Schließlich erklärt sich die Beschränkung auf Kapitalanteile auch aus den (weiteren) Systemzusammenhängen, in die § 8b KStG 2002 gestellt ist. So gibt es beispielsweise nur „einbringungsgeborene” Anteile i.S. des § 21 des Umwandlungssteuergesetzes, jedoch keine entsprechenden Bezugsrechte, was es wiederum ausschließt, die Ausnahmen und Rückausnahmen des § 8b Abs. 4 KStG 2002 auf Bezugsrechte zu erstrecken.

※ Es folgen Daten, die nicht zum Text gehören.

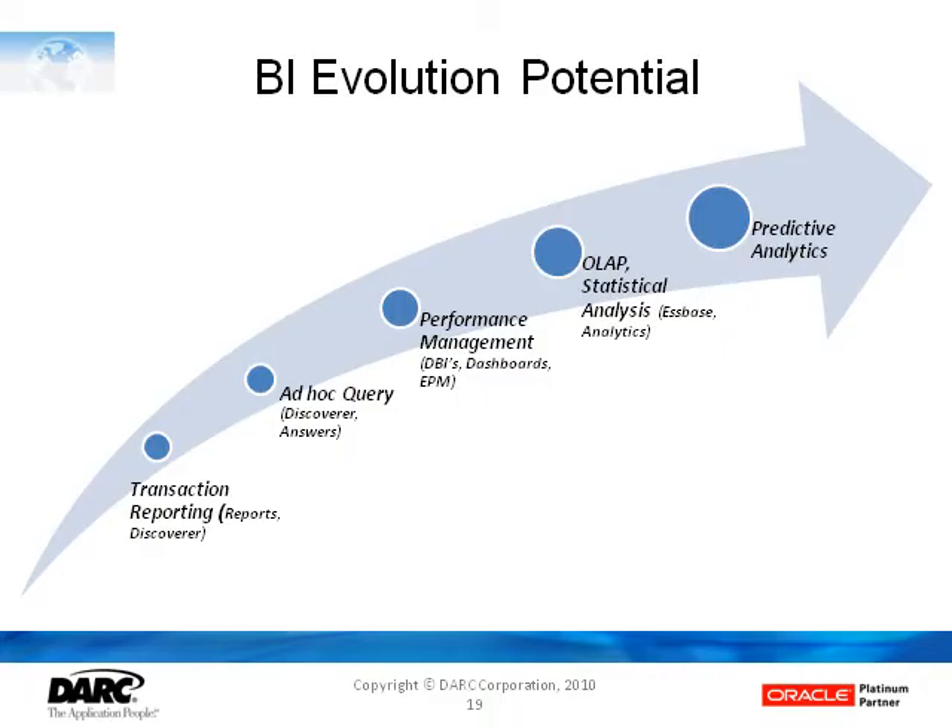As I mentioned earlier, Oracle has been evolving its BI strategy. This tries to illustrate the growth path for you in terms of how you might see the various BI offerings. All organizations need to use transaction reporting in some way, and for that the traditional Oracle reports and Discoverer that have been used with the EBS suite are a good starting point. When you get to ad hoc query,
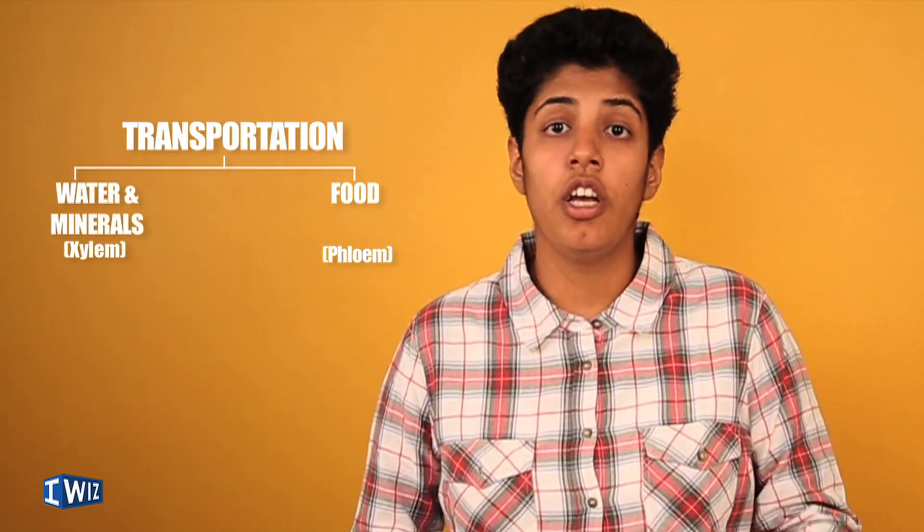When we talk about transportation in plants, there are two sorts of transportation we need to be aware of. There is the transportation of water and minerals, and then there's the transportation of food. Water and minerals are transported upward by the roots, going all the way up to the tallest part of the tree, and food is transported from the leaves, where it's made, to all other parts where it's needed.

Dass junge Anteile, die auf solche Bezugsrechte zurückgehen, ihrerseits solche i.S. des § 21 Abs. 1 UmwStG 1995 sind (vgl. , BFHE 167, 424, BStBl II 1992, 761; I R 160/90, BFHE 167, 429, BStBl II 1992, 753; I R 162/90, BFHE 167, 432, BStBl II 1992, 764), widerspricht dem nicht.
c) Die ausdrückliche Erfassung auch von Anwartschaften auf solche „Beteiligungen” und damit nach gängigem Verständnis auch von Bezugsrechten seit der Gesetzesergänzung durch das Steueränderungsgesetz 1965 vom (BGBl I 1965, 377, BStBl I 1965, 217) in § 17 Abs. 1 Satz 3 EStG 2002 für die dort geregelte Einbeziehung von Gewinnen aus der Veräußerung von Anteilen an einer Kapitalgesellschaft in die Einkünfte aus Gewerbebetrieb bedingt nichts Abweichendes, und zwar unabhängig davon, ob diese Erfassung bezogen auf den Regelungsbereich des § 17 EStG und dessen Vorgängervorschrift in § 53 Abs. 1 der Einkommensteuer-Durchführungsverordnung 1961 (und davor in § 30 EStG 1925) nur klarstellender Natur sein mag (vgl. dazu , BFHE 115, 223, BStBl II 1975, 505). Denn die dort bestimmte Regelung ist in erster Linie auf den spezifischen Normzusammenhang des § 17 EStG 2002 zu verengen. Soweit sie darüber hinaus zu verallgemeinern ist (vgl. dazu z.B. Senatsurteil vom I R 3/04, BFHE 211, 339), betrifft dies aus den genannten Erwägungen jedenfalls nicht das körperschaftsteuerrechtliche Halbeinkünfteverfahren. § 17 Abs. 1 Satz 3 EStG 2002 trägt vielmehr den Umkehrschluss, dass es einer entsprechenden ausdrücklichen Bestimmung bedarf, um Bezugsrechte Anteilen gleichbehandeln zu können (wie dies beispielsweise auch in § 2 Abs. 3 Nr. 1 des Investmentsteuergesetzes —InvStG— i.d.F. bis zur Änderung durch Art. 8 Nr. 11 des Unternehmensteuerreformgesetzes 2008 —UntStRefG— vom , BGBl I 2007, 1912, § 7 Abs. 1 Satz 1 Nr. 1 Buchst. b InvStG [vgl. auch § 18 Abs. 1 InvStG i.d.F. des UntStRefG, § 19 Abs. 1 Satz 1 InvStG] für Gewinne aus der Veräußerung von Wertpapieren und Bezugsrechten auf Anteile an Kapitalgesellschaften geschehen ist). Für eine von der Klägerin erwogene Analogie bleibt sonach kein Raum.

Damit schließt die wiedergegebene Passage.